To follow that up with Dead Cross, a metal super group featuring both Mike Patton and ex-Slayer drummer Dave Lombardo, was a weird mix. But if you fell in that Venn diagram overlap, it was sublime.

Energy levels took a surprising dip with a couple of acts that showed their age, as D.C. hardcore pioneers Bad Brains and the dirty-black crooning of Danzig both underwhelmed. With seemingly half the park crowding to catch Wu-Tang Clan, I left before the full crew was even onstage, opting for a little At the Drive-In leading into a perfectly slinky and groovy Queens of the Stone Age set.

If I've learned one lesson from Riot Fest 2017, it's the reality of option paralysis. On Sunday, I finally opted to let go of my FOMO and dig in for some full sets instead of doing it buffet style. I had to put out of my head some of the sets I was missing, including Dinosaur Jr., GWAR, Prophets of Rage, Paramore, Andrew W.K. and, yes, Sunday headliner Jawbreaker.
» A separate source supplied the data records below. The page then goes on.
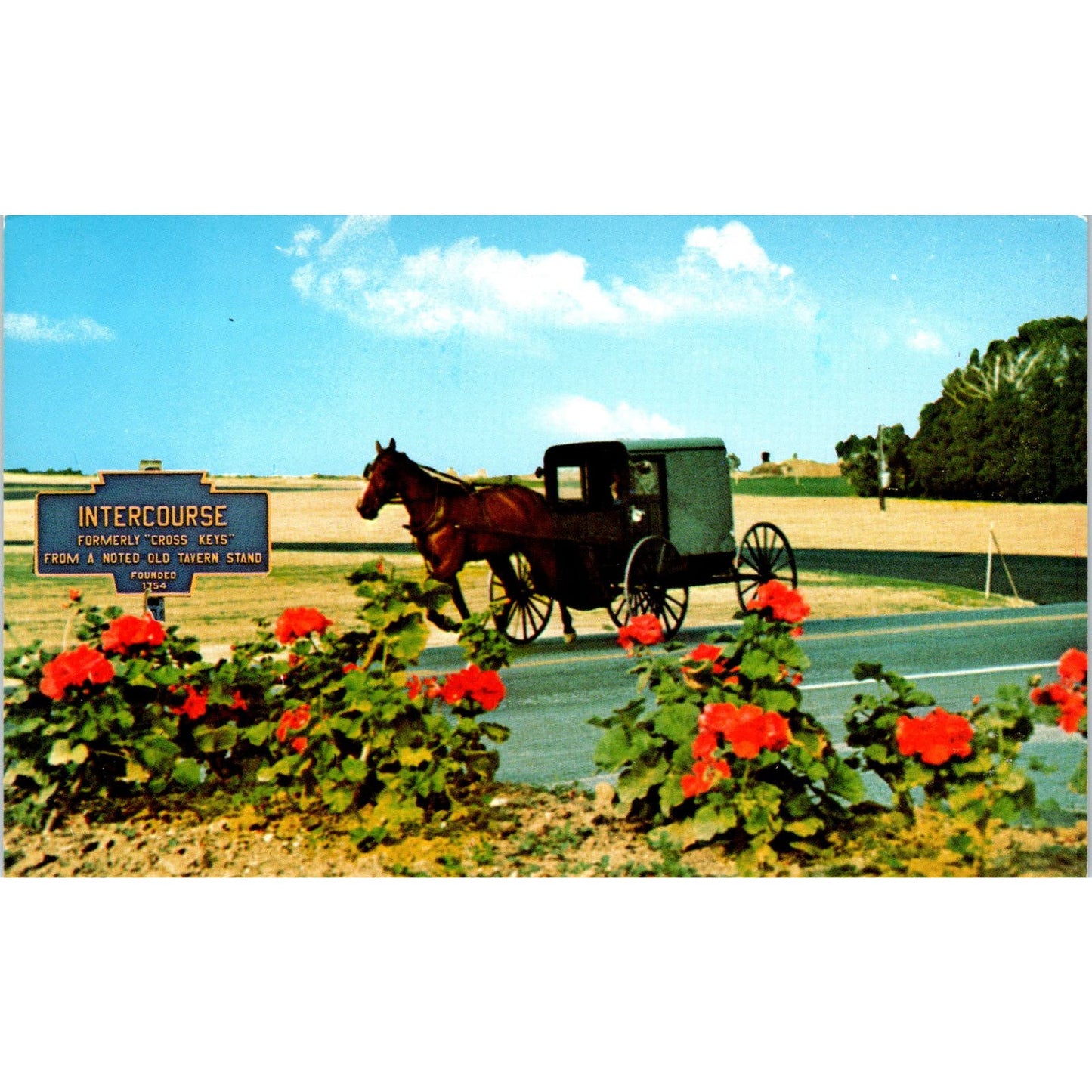 Amish Family Carriage Horse Buggy Pennsylvania Dutch Country Postcard PD8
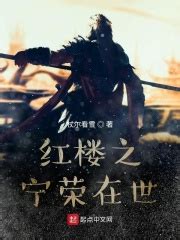 《红楼之庶子贾环传》小说在线阅读-起点中文网
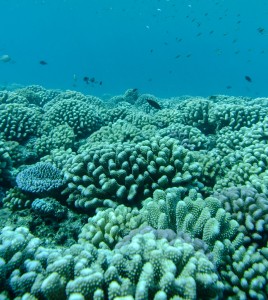 A shallow cora reef (about 10 meters in depth) on the north shore of Moorea, French Polynesia, in April 2018. This reef has rebounded from catastrophic damage in 2010 and, as this picture shows, part of the sea floor are almost fully covered by live coral. Photo by Peter Edmunds.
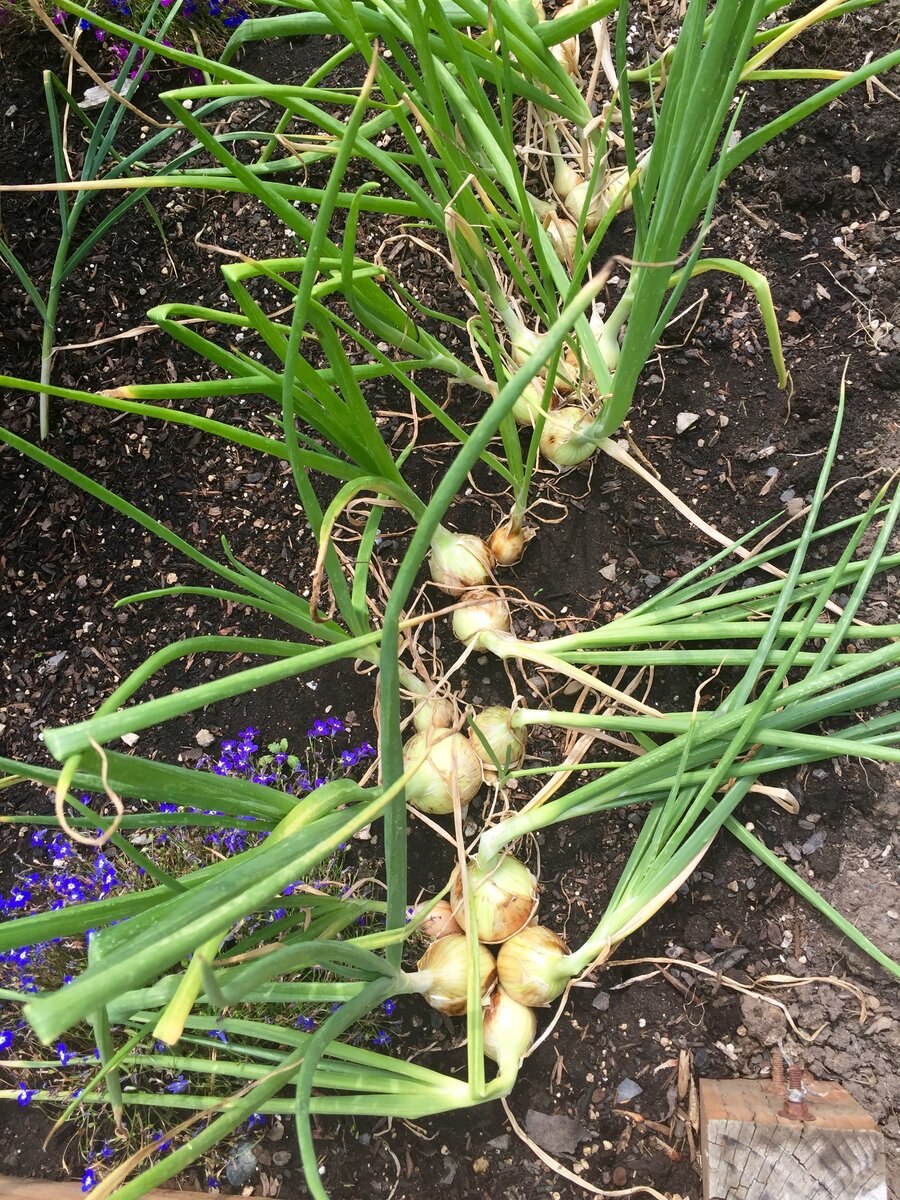 Аллиум Неаполитанский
Instead I focused on two sets just for me, watching the always entrancing TV on the Radio put on a show that was somehow energetic and soothing at the same time. Then I settled in for a great spot up front for one of my own bucket list acts. I know a lot of people were waiting two decades for a chance to see Jawbreaker, but I've waited one to see M.I.A. I have no regrets.

It's my third trek to Chicago in four years for Riot Fest, and I don't see how they'll top this to get me back next year … but they always do.